→ WHAT IS REQUIRED:
Could you repeat the entries below exactly, but only from the line with "Load image into" through the line with "Kast 112 Wit met 5 gemixte laden", and without any picture?

→ INFORMATION:
● ● ● ● ● ● ●
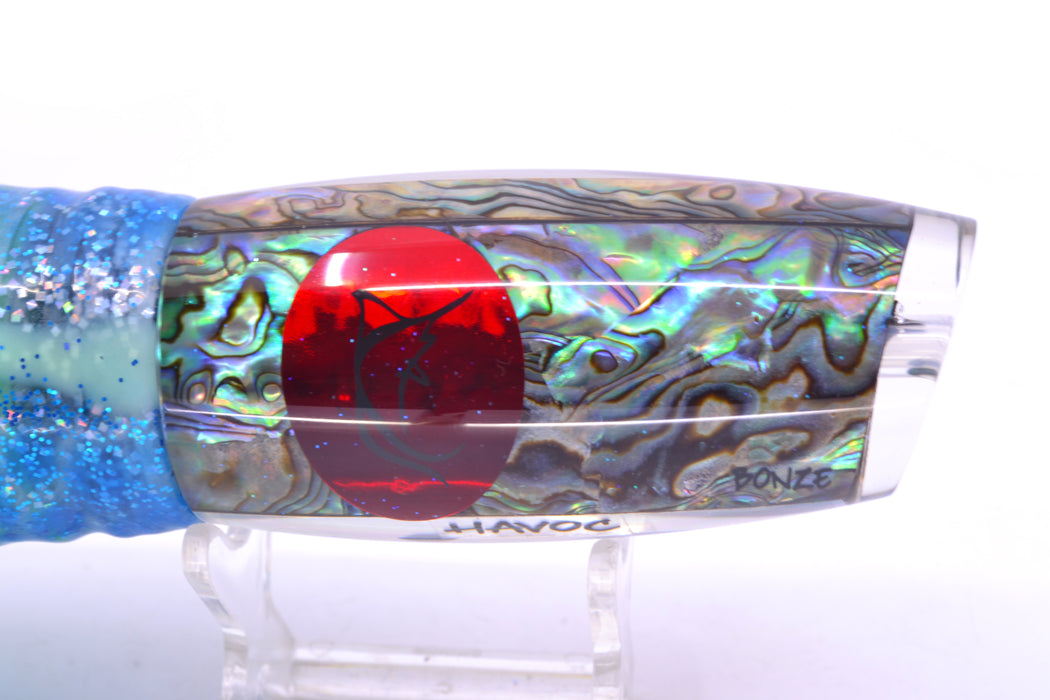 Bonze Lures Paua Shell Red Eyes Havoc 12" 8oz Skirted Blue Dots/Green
● ● ● ● ● ● ●
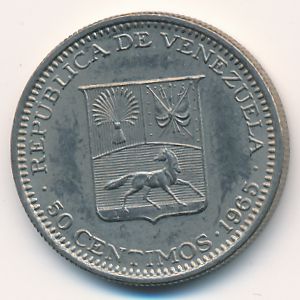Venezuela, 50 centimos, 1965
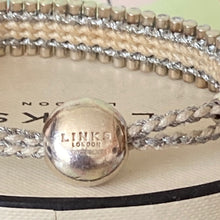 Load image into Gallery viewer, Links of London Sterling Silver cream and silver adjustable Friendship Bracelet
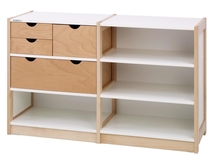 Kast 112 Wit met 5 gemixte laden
● ● ● ● ● ● ●
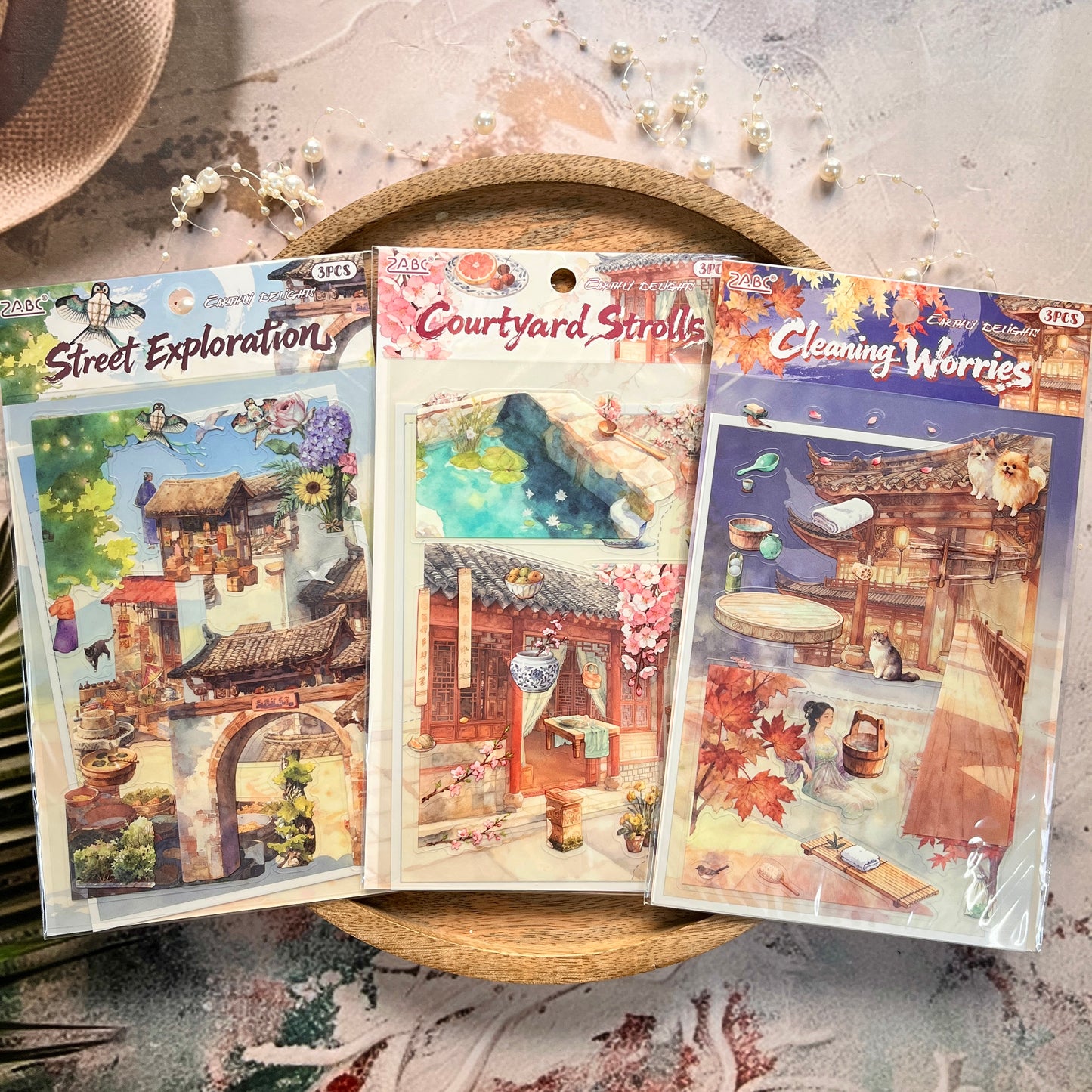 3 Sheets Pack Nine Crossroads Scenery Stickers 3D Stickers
● ● ● ● ● ● ●
→ EXERCISE RESULT:
 Load image into Gallery viewer, Links of London Sterling Silver cream and silver adjustable Friendship Bracelet
 Kast 112 Wit met 5 gemixte laden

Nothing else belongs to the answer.